The Impact of an Acute Vaso-Occlusive Crisis on Patient Reported Outcomes: The Magic Study

key information

source: Blood

year: 2014

authors: Julie A. Panepinto, Lauren M Beverung, T Charles Casper, Larry J. Cook, David C Brousseau

summary/abstract:

Acute vaso-occlusive crises (VOC) are the most common complication in sickle cell disease (SCD) and frequently result in hospitalization. The impact of an acute VOC on patient reported outcomes (PROs) over time is not known. It is necessary to describe the patterns of change over time of these outcomes for future interventions that aim to optimize PROs. The objective of this study was to determine the impact over time of an acute VOC on the health-related quality of life (HRQL-a specific type of PRO) of children with SCD.
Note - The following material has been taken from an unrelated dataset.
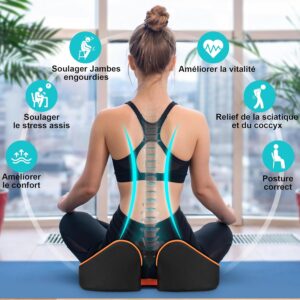 Coussin coccyx POOTACK en mousse à mémoire ergonomique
A multi-center prospective trial was conducted within the setting of a randomized controlled trial (the Magnesium in Crisis or MAGiC trial) that recruited from eight United States Children’s hospitals. Eligibility criteria included children ages 5 to 21 years with hemoglobin SS disease or β0thalassemia who were admitted to the hospital for a VOC and required intravenous administration of opioids. The children were asked to complete the PedsQL SCD and Fatigue HRQL modules at four time points (T0= at time of admission to hospital, T1= 48 hours from admission, T2= approximately 7 days post discharge, T3= steady state – complete resolution of the acute event, one month or more from discharge). The primary outcomes were the SCD and Fatigue Total HRQL scores. Secondary analyses examined specific HRQL domain scores. HRQL scores range from 0-100 with higher scores representing better HRQL. HRQL scores of 60-80 represent intermediate functioning. Descriptive statistics including t-tests for paired differences in scores were performed and a multivariate analysis using a linear mixed effects model was used to determine significant differences. The following covariates were included in the model: hospital site, age, gender, hydroxyurea use, disease severity (ever had acute chest syndrome and/or hospitalized for 3 or more VOC in the prior 3 years), and steady state HRQL score.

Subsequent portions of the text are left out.